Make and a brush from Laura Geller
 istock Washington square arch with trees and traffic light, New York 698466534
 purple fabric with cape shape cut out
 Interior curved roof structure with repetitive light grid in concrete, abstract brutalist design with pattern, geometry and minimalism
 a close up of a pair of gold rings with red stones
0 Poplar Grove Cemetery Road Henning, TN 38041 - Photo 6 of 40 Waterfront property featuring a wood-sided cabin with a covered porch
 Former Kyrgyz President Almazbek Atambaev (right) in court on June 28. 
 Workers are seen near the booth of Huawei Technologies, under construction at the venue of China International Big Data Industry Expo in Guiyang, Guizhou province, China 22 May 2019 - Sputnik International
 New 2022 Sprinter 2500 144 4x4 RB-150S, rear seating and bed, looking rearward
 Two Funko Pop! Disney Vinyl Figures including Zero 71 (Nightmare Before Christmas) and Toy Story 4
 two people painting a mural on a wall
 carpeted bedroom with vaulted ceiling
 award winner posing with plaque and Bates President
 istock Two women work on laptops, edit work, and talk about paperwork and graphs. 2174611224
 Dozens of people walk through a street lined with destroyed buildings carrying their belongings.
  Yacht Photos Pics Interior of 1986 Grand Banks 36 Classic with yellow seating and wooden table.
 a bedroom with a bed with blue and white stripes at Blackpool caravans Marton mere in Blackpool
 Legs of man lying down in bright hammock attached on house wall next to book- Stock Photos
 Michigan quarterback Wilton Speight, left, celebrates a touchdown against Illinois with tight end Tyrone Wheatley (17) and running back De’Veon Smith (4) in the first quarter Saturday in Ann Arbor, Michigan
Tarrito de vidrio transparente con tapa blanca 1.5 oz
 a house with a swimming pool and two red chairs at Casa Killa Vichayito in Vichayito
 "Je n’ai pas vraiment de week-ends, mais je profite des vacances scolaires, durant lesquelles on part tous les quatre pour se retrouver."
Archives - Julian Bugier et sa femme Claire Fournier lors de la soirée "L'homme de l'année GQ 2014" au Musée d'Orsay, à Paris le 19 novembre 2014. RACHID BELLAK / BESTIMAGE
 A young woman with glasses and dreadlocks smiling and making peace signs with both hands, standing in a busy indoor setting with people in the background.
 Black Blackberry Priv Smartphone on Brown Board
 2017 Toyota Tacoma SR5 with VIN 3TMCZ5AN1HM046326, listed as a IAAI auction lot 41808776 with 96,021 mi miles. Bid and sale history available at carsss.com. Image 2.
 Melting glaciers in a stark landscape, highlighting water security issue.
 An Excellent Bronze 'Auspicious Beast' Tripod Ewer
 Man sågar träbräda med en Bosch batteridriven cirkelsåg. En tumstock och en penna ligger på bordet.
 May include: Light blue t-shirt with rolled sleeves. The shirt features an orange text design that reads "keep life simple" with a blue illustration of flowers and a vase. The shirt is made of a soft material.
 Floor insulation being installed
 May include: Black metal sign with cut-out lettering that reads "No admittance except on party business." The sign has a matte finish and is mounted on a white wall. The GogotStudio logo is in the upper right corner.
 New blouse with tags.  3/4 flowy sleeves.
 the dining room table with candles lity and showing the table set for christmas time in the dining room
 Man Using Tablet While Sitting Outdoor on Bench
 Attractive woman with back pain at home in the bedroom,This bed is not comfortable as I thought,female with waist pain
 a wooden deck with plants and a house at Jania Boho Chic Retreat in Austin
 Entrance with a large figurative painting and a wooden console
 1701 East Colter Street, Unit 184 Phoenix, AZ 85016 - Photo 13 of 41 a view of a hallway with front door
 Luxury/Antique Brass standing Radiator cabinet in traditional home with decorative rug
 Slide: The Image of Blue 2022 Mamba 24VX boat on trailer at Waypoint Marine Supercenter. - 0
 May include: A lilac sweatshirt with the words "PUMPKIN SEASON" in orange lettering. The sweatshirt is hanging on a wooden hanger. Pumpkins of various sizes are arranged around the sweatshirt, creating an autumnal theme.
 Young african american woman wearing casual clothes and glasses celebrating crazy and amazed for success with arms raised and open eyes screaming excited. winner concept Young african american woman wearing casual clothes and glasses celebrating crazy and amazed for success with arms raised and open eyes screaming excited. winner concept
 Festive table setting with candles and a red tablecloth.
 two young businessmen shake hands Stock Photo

◆ Task description ◆
Would you copy every line of the material exactly?

◆ Written answer ◆
Make and a brush from Laura Geller
 istock Washington square arch with trees and traffic light, New York 698466534
 purple fabric with cape shape cut out
 Interior curved roof structure with repetitive light grid in concrete, abstract brutalist design with pattern, geometry and minimalism
 a close up of a pair of gold rings with red stones
0 Poplar Grove Cemetery Road Henning, TN 38041 - Photo 6 of 40 Waterfront property featuring a wood-sided cabin with a covered porch
 Former Kyrgyz President Almazbek Atambaev (right) in court on June 28. 
 Workers are seen near the booth of Huawei Technologies, under construction at the venue of China International Big Data Industry Expo in Guiyang, Guizhou province, China 22 May 2019 - Sputnik International
 New 2022 Sprinter 2500 144 4x4 RB-150S, rear seating and bed, looking rearward
 Two Funko Pop! Disney Vinyl Figures including Zero 71 (Nightmare Before Christmas) and Toy Story 4
 two people painting a mural on a wall
 carpeted bedroom with vaulted ceiling
 award winner posing with plaque and Bates President
 istock Two women work on laptops, edit work, and talk about paperwork and graphs. 2174611224
 Dozens of people walk through a street lined with destroyed buildings carrying their belongings.
  Yacht Photos Pics Interior of 1986 Grand Banks 36 Classic with yellow seating and wooden table.
 a bedroom with a bed with blue and white stripes at Blackpool caravans Marton mere in Blackpool
 Legs of man lying down in bright hammock attached on house wall next to book- Stock Photos
 Michigan quarterback Wilton Speight, left, celebrates a touchdown against Illinois with tight end Tyrone Wheatley (17) and running back De’Veon Smith (4) in the first quarter Saturday in Ann Arbor, Michigan
Tarrito de vidrio transparente con tapa blanca 1.5 oz
 a house with a swimming pool and two red chairs at Casa Killa Vichayito in Vichayito
 "Je n’ai pas vraiment de week-ends, mais je profite des vacances scolaires, durant lesquelles on part tous les quatre pour se retrouver."
Archives - Julian Bugier et sa femme Claire Fournier lors de la soirée "L'homme de l'année GQ 2014" au Musée d'Orsay, à Paris le 19 novembre 2014. RACHID BELLAK / BESTIMAGE
 A young woman with glasses and dreadlocks smiling and making peace signs with both hands, standing in a busy indoor setting with people in the background.
 Black Blackberry Priv Smartphone on Brown Board
 2017 Toyota Tacoma SR5 with VIN 3TMCZ5AN1HM046326, listed as a IAAI auction lot 41808776 with 96,021 mi miles. Bid and sale history available at carsss.com. Image 2.
 Melting glaciers in a stark landscape, highlighting water security issue.
 An Excellent Bronze 'Auspicious Beast' Tripod Ewer
 Man sågar träbräda med en Bosch batteridriven cirkelsåg. En tumstock och en penna ligger på bordet.
 May include: Light blue t-shirt with rolled sleeves. The shirt features an orange text design that reads "keep life simple" with a blue illustration of flowers and a vase. The shirt is made of a soft material.
 Floor insulation being installed
 May include: Black metal sign with cut-out lettering that reads "No admittance except on party business." The sign has a matte finish and is mounted on a white wall. The GogotStudio logo is in the upper right corner.
 New blouse with tags.  3/4 flowy sleeves.
 the dining room table with candles lity and showing the table set for christmas time in the dining room
 Man Using Tablet While Sitting Outdoor on Bench
 Attractive woman with back pain at home in the bedroom,This bed is not comfortable as I thought,female with waist pain
 a wooden deck with plants and a house at Jania Boho Chic Retreat in Austin
 Entrance with a large figurative painting and a wooden console
 1701 East Colter Street, Unit 184 Phoenix, AZ 85016 - Photo 13 of 41 a view of a hallway with front door
 Luxury/Antique Brass standing Radiator cabinet in traditional home with decorative rug
 Slide: The Image of Blue 2022 Mamba 24VX boat on trailer at Waypoint Marine Supercenter. - 0
 May include: A lilac sweatshirt with the words "PUMPKIN SEASON" in orange lettering. The sweatshirt is hanging on a wooden hanger. Pumpkins of various sizes are arranged around the sweatshirt, creating an autumnal theme.
 Young african american woman wearing casual clothes and glasses celebrating crazy and amazed for success with arms raised and open eyes screaming excited. winner concept Young african american woman wearing casual clothes and glasses celebrating crazy and amazed for success with arms raised and open eyes screaming excited. winner concept
 Festive table setting with candles and a red tablecloth.
 two young businessmen shake hands Stock Photo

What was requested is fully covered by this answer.